The initiation of translation is an important point of control in the response of cells to environmental stress. Stress conditions activate stress-responsive kinases that inhibit translation initiation by phosphorylating the alpha subunit of the eukaryotic initiation factor 2 (eIF2α) which results in polysome disassembly and subsequent attenuation of translation. In addition to attenuating translation, stressful environments also activate the transcription of protective molecular chaperones or heat shock proteins (HSPs). One of the major recent developments in the understanding of stress responses is the discovery that the transcriptional expression of chaperones during stress is not triggered autonomously by cells undergoing macromolecular damage, but is instead cell non-autonomously orchestrated by the nervous system. However, it is not known whether translational attenuation across the different cells of a metazoan is also coordinated through similar cell-cell signaling pathways that modulate transcription. In ongoing studies, we have found that although transcription of chaperones and translational attenuation occur independent of each other upon heat shock, as with the transcriptional upregulation of chaperone gene expression, the phosphorylation of eIF2α upon heat stress in C. elegans is dependent on the serotonergic system. These data suggest that serotonergic control over eIF2α phosphorylation may act to integrate transcriptional and translational responses to stress across cells of an organism. This is the hypothesis we aim to test in this proposal. Specifically, we will test (1) how translation attenuation is coupled to neuronal serotonin release and (2) whether translation attenuation is coordinated with HSP upregulation through neuronal 5-HT release. We anticipate that these studies will fill a critical gap in knowledge regarding the coordination of translational upon stress between tissues of a metazoan. These studies will therefore be important for understanding how stress contributes to the progression of metabolic and neurodegenerative diseases and allow the development of new strategies for diagnosis and treatment.

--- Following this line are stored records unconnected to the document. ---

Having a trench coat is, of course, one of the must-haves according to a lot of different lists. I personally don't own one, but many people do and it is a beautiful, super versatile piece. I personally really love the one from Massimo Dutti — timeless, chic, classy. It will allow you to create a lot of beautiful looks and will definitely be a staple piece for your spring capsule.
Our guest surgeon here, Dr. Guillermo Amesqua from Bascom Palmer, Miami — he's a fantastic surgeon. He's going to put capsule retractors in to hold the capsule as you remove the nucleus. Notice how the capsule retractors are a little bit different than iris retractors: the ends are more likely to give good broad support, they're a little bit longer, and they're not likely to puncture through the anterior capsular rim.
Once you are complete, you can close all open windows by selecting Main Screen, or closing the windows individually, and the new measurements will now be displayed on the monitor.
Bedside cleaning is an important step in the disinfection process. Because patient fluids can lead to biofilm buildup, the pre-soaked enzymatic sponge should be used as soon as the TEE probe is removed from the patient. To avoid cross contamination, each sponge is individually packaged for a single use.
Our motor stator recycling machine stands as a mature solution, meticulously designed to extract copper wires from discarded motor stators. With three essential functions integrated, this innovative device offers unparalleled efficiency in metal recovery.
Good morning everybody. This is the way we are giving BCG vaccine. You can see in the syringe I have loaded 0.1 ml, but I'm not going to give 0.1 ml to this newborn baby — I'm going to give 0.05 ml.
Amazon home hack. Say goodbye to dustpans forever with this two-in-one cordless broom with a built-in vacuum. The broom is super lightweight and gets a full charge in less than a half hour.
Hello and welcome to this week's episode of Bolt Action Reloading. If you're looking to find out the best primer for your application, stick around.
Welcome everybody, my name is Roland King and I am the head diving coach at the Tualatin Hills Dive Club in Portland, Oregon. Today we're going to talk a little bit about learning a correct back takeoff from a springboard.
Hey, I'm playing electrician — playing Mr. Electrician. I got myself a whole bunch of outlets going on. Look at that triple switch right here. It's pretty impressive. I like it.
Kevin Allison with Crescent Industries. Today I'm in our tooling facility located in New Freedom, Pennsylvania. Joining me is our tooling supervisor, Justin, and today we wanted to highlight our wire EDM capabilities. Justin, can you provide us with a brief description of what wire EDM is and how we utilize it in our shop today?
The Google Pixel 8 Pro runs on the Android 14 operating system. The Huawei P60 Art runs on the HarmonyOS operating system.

翻译起始是细胞对环境应激反应的重要控制点。 应激条件激活应激应答激酶，其通过磷酸化 真核起始因子2（eIF 2 α）的α亚基，导致多核糖体解体， 随后的平移衰减。除了削弱翻译，紧张的环境也 激活保护性分子伴侣或热休克蛋白（HSP）的转录。之一 最近在理解压力反应方面的一个主要进展是发现， 应激过程中伴侣蛋白的转录表达不是由细胞经历 大分子损伤，而是由神经系统非自主编排的细胞。 然而，目前还不知道在后生动物的不同细胞之间的平移衰减是否 也通过调节转录的类似细胞-细胞信号通路来协调。在 正在进行的研究，我们发现，虽然转录的伴侣和翻译衰减， 在热休克时，它们相互独立地发生，如伴侣蛋白的转录上调 基因表达、eIF 2 α在热胁迫下的磷酸化。elegans依赖于 电子能系统。这些数据表明，对eIF 2 α磷酸化的β-肾上腺素能控制可能起作用， 以整合生物体细胞对应激的转录和翻译反应。这是 假设我们旨在测试这个建议。具体来说，我们将测试（1）平移衰减是如何 与神经元5-羟色胺释放偶联，以及（2）翻译衰减是否与HSP协调 通过神经元5-HT释放上调。我们预计，这些研究将填补一个关键的空白， 关于后生动物的组织之间在应力下的平移协调的知识。这些 因此，研究对于了解压力如何促进疾病的进展非常重要 代谢和神经退行性疾病，并允许开发新的诊断策略 和治疗。